A couple days ago I mentioned the Irish ballot counting system as a more fair means of running elections. I’ve since learned that this is called Instant Runoff Voting, because if there is no majority winner, the candidate with the least ballots is eliminated and each of his ballots is recast for its next preferred candidate. Like a runoff, it ensures that the winner will have a majority of the votes, but doesn’t require a costly and annoying runoff. There are excellent arguments for IRV, well summarized in these talking points:
- Ensures majority rule, in contrast to plurality voting.
- Saves money compared to costly two-round runoff elections, which often have low voter turnout.
- Increases voter turnout by giving voters better choices. Experience around the world shows that voter turnout goes up when voters have a wider range of choices.
- Promotes positive, issue-based campaigns because candidates will seek 2nd and 3rd choice votes.
- Creates a clearer mandate for a winning candidate’s agenda, giving better direction for policy-making.
- Solves the problem of groupings of voters splitting their votes among similar candidates, which allows a candidate with only minority support to win.
- Minimizes “wasted” votes, votes that don’t help elect a winner. To the fullest extent possible, your vote will contribute to electing a candidate that you like.

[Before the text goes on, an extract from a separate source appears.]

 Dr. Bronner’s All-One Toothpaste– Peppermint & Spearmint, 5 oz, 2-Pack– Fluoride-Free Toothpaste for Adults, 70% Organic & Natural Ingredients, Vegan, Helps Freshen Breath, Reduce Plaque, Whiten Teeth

A very simple argument for it can be tailored specifically for Democrats or Republicans: If we had been using IRV in 2000, Al Gore would have won, since most Nader voters would have chosen Gore second. If we had been using IRV in 1992, George H.W. Bush would have won, since most Perot voters would have had Bush second. [UPDATE: According to this analysis Clinton would still have won.]

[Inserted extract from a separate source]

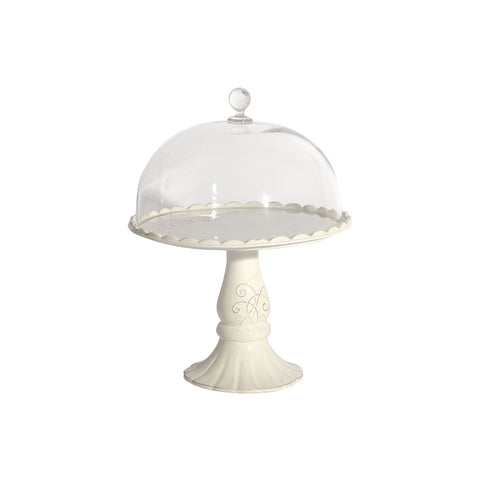 VIRGINIA CASA Alzatina porta torta con campana VOLUTE ceramica bianco H34 cm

Another argument for IRV is that it will reduce political polarization. America’s current extremely polarized political climate is an emergent phenomenon rising out of the prevalence of simple plurality voting. Under plurality voting, any candidates beyond the first two are simply seen as spoliers
and wasted votes, and thus they get few votes. In this kind of system, all elections are seen as contests between a favorite and a challenger. The need for campaign funding will require that all favorites and challengers be aligned with a political party. Since almost all races are effectively two-candidate races, the two most popular parties rapidly gain political currency at the expense of all the others. This causes all politics to be viewed in a false one dimensional space: left
vs right
. Many voters values may in fact mix values from the two dominant parties, but most of these “centrists” or “moderates” slowly get pulled to one party or the other as they see that choosing the lesser of two evils is the only way to prevent the greater evil from prevailing. Eventually everyone is either us or them.
IRV will correct this situation, because it will actually allow third party candidates to get more votes, increasing their political currency and visibility, even if they still lose. Many more people would have voted for Nader had they known that when he lost, their votes would go to Gore. Likewise for Libertarians. Then us/them campaigns must become campaigns on the issues.